With advancement and accessibility of cranial diagnostic imaging, the number of incidentally discovered unruptured intracranial aneurysms (UIAs) has increased.1 UIA treatment decision-making is challenging because there is no high-quality evidence to stratify high-risk UIAs from those that remain stable. Aneurysm size is one of the key factors when discussing treatment options for UIAs, supported by prospective studies that provide a very low 5-year rupture risk to UIAs < 7 mm.2,3 However, small UIAs are prevalent and are responsible for approximately 50% of rupture events.4,5 In addition to size, family history of aneurysms, smoking, and hypertension are believed to increase the risk of aneurysm rupture.2,6,7 The decision-making process becomes further complicated when considering the risks of treatment and associated costs.8 The UIA treatment score (UIATS), derived from consensus among 69 interdisciplinary specialists, is a scoring model to balance the established aneurysm-, patient-, or treatment-related factors and to compare risks associated with conservative management against treatment.9 However, even UIATS can be “not definitive” for some UIAs. For these cases, the interdisciplinary specialists recommended that “additional factors apart from those used in the development of the UIATS may be considered in making a final decision.”9
It is commonly believed that UIAs resembling ruptured IAs (RIAs) are likely to carry a higher rupture risk and therefore warrant early treatment. Previously, we analyzed a cross-sectional cohort of 204 IAs (including 56 RIAs) and generated a logistic regression model based on morphology and hemodynamics.10–12 This model predicts the probability of an IA being a ruptured aneurysm. We then suggested that this logistic regression model could be applied to UIAs and the rupture probability (indicated by ranges between 0 and 1) reinterpreted to gauge their similarity to RIAs.11 In this context, the rupture probability is more appropriately termed the Rupture Resemblance Score (RRS).11 In the present study, we aimed to investigate the clinical utility of RRS as an adjunct in guiding the management of UIAs, especially when existing clinical metrics are inadequate.
Methods
This study was approved by the University at Buffalo institutional review board.

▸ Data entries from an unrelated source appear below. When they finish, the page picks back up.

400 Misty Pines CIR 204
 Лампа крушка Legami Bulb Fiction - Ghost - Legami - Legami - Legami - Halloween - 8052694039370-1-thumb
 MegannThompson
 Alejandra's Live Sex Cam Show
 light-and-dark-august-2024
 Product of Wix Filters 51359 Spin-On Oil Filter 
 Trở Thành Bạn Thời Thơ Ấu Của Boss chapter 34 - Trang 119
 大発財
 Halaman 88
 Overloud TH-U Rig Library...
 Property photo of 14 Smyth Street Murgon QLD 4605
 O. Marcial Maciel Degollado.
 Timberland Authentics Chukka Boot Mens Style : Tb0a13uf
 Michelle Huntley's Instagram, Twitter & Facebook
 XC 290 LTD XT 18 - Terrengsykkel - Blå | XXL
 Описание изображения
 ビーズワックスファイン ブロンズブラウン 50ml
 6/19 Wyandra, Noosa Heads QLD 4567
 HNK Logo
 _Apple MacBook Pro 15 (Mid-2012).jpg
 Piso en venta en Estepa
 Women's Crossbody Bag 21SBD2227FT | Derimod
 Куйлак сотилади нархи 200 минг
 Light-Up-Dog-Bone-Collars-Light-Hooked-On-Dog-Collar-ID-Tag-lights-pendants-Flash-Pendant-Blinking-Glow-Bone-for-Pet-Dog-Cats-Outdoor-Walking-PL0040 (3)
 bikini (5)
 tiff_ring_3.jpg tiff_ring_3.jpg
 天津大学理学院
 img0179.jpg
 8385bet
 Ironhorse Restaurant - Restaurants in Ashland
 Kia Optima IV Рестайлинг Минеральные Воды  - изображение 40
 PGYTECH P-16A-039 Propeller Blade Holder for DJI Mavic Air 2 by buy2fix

Patient Cohort and Multidisciplinary Neurovascular Conference
Between September 2018 and June 2019, we retrospectively collected data from consecutive UIA cases that were discussed during multidisciplinary neurovascular conferences held at our institution. This conference was held every week to present challenging cerebrovascular cases thought to benefit from discussion and multidisciplinary input. The meeting was attended by neurosurgeons, neurointerventionalists, neurologists, clinical and basic research scientists, nursing staff, international visiting physicians, and observers from other medical institutions, in addition to fellows and medical students. Decisions on treatment or conservative management of aneurysm cases were made by considering the patient’s history; neurological findings; and aneurysm size, morphology, and evidence of growth, without considering RRS or UIATS. A final decision for each case was made based on the consensus at the end of the discussion, documented, and recommended to the patient. The actual management, which could differ from this recommendation, was not considered in the present study.
Rupture Resemblance Score
Previously, we analyzed a cross-sectional data set of 119 consecutively collected IAs (including 38 RIAs)10 and identified morphological and hemodynamic features that were significantly different between RIAs and UIAs. Using multivariate logistic regression, we pared them down to 3 independently significant rupture discriminators—aneurysm size ratio (SR), time- and aneurysm-averaged normalized wall shear stress (WSS), and oscillatory shear index (OSI)—which comprise the rupture discriminator model, odds = exp(0.73SR − 0.45WSS + 2.19OSI − 2.09) (Eq. 1). From the obtained odds, we can calculate the probability (p) of an IA being ruptured: p = odds/(1 + odds). We then tested this model in classifying RIAs from UIAs in an independent cohort of 85 IAs (including 18 RIAs).11 Based on a threshold of p = 0.3, the model was able to identify 90% of RIAs. Furthermore, false-predictive UIAs that were predicted as RIAs bore a high resemblance to RIAs in terms of morphology and hemodynamics. A review of the clinical records showed that these UIAs were treated immediately. Consequently, we applied this rupture discriminator model to new incidentally discovered UIAs, projecting that the obtained probability (a continuous metric ranging between 0 and 1) could be interpreted as the RRS to gauge the similarity of UIAs to RIAs.11 Furthermore, in a follow-up study, we expanded the study cohort to 204 IAs (including 56 RIAs)12 and retrained the rupture discriminator model. The resulting RRS model, odds = exp(0.58SR − 0.33WSS + 2.14OSI − 2.43) (Eq. 2), was almost identical to the original rupture discriminator model, indicating its robustness.12 Details of the computational methodology can be found in our previous studies.10–12
Using the updated RRS model (Eq. 2), we retrospectively calculated RRS for the UIA cases presented at the neurovascular conferences (Fig. 1). First, 3D digital subtraction angiography (DSA) data of a UIA were segmented to reconstruct a surface representation of the aneurysm and parent vessel lumen. Based on the reconstructed 3D geometry, computer-assisted morphology analysis and computational fluid dynamics (CFD) simulation were performed to extract morphological and hemodynamic features, respectively. The input parameters (SR, WSS, and OSI) were then fed into the RRS model. The authors who calculated the RRS were blinded to the decisions made at the neurovascular conferences. Cases in which the image quality was suboptimal for hemodynamic analysis were excluded from our study.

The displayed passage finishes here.